Compression leads to a similar issue, where if the extent is compressed we won't
be able to part of it and decompress it, we have to be able to read the entire
extent.

One simplifying factor is that since buckets are reused all at once, as long as
any part of the original extent is live the rest of it will still be there - we
don't have to complicate our accounting and have two notions of live data to
make sure the dead parts of the extent aren't overwritten.

So, for compressed or checksummed extents here's the additional information
we'll need to store in struct bch_extent:

        struct bch_extent_crc32 {
                __u32                   type:1,
                                        offset:7,
                                        compressed_size:8,
                                        uncompressed_size:8,
                                        csum_type:4,
                                        compression_type:4;
                __u32                   csum;
        };

Now, when trimming an extent, instead of modifying the pointer offset to point
to the start of the new live region (as we still do for non
checksummed/compressed extents) we add to the offset field in the extent_crc
struct - representing the offset into the extent for the currently live portion.
The compressed_size and uncompressed_size fields store the original sizes of the
extent, while the size field in the key continues to represent the size of the
live portion of the extent.

There's another complicating factor is data migration, from copying garbage
collection and tiering - in general, when they need to move some data we can't
expect them to rewrite every replica of an extent at once (since copygc is
needed for making forward progress, that would lead to nasty deadlocks).

But if we're moving one of the replicas of an extent (or making another copy, as
in the case of promoting to a faster tier) we don't want to have to copy the
dead portions too - we'd never be able to get rid of the dead portions!
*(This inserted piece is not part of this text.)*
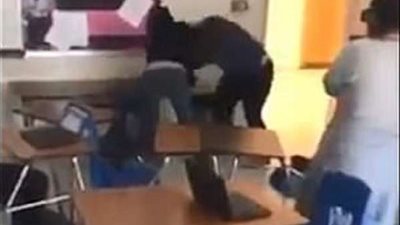 فصل يتحول إلى حلبة مصارعة بين طالب ومعلمة (فيديو)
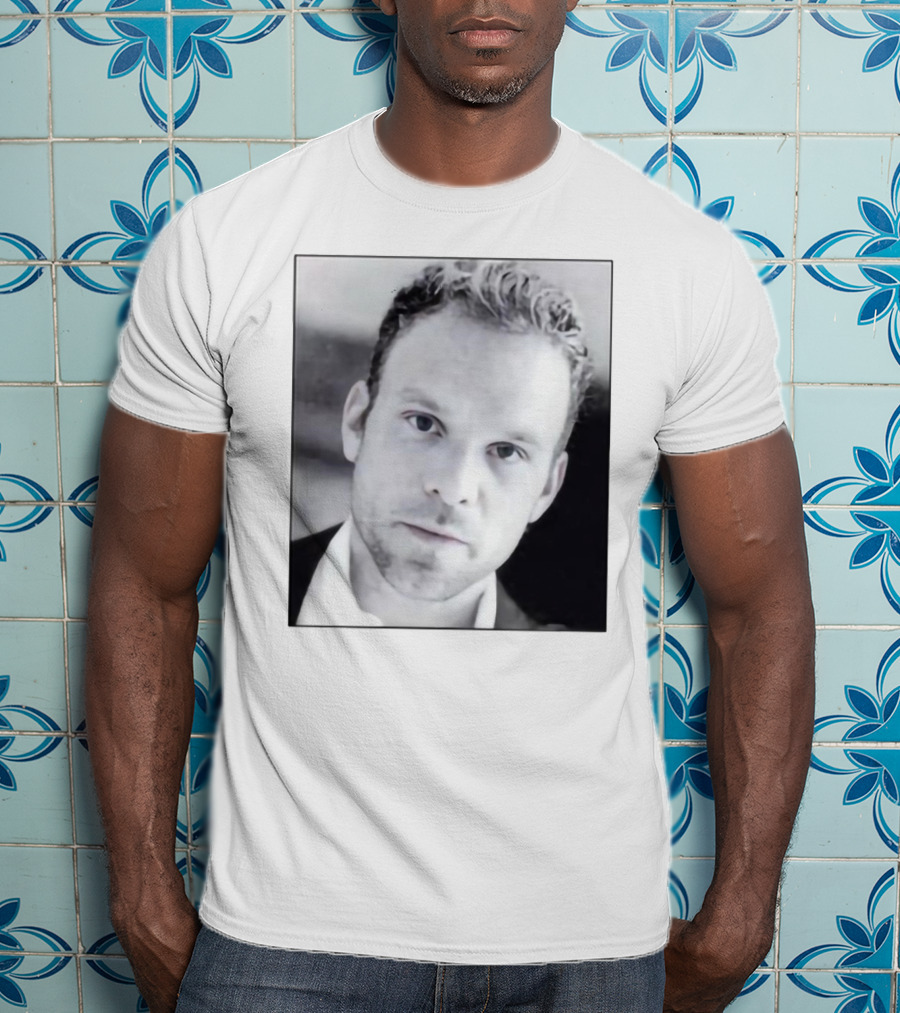 Jonathan Bailey Norbert Leo Butz Face Image T-Shirt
Thus,
we need to handle extents where different pointers are in different formats.

Having one bch_extent_crc32 field per pointer (or bch_extent_crc64, for the case
where the user is using 64 bit checksums) would make our metadata excessively
large, unfortunately - if they're doing two or three way replication that would
roughly double the size of the extents btree, or triple it for 64 bit checksums.

So the new format struct bch_extent is a list of mixed pointers and extent_crc
fields: each extent_crc field corresponds to the pointers that come after it,
until the next extent_crc field. See include/uapi/linux/bcache.h for the gory
details, and extents.h for the various functions and macros for iterating over
and working with extent pointers and crc fields.


#### RAID5/6/Erasure coding:

This part hasn't been implemented yet - but here's the rough design for what
will hopefully be implemented in the near future:

Background: In conventional RAID, people have long noted the "RAID hole" and
wanted to solve it by moving RAID into the filesystem - this what ZFS does.

The hole is that it's impossible for block layer raid to atomically write a
stripe: while writing a stripe, there's inevitably going to be a window where
the P and Q blocks are inconsistent and recovery is impossible. The best that
they can do is order the writes so that the data blocks are written first, then
the P/Q blocks after, and then on unclean shutdown rebuild all the P/Q blocks
(with perhaps a bitmap to avoid having to resync the whole device, as md does).

The approach that ZFS takes is to fragment incoming writes into (variable sized)
stripes, so that it can write out the entire stripe all at once and never have a
pointer in its index pointing to an incomplete/inconsistent stripe.

This works, but fragmenting IO is painful for performance. Not only writes are
fragmented, but reads of the same data are fragmented too; and since the latency
of the read has to be the latency of the slowest fragment, this drives your
median latency to your tail latency. Worse, on disks you're spending a lot more
seeks than you were before; even on flash it's not ideal because since the
fragmenting is happening above all the scheduling, both on the host and the
device you're still subject to the tail latency effect.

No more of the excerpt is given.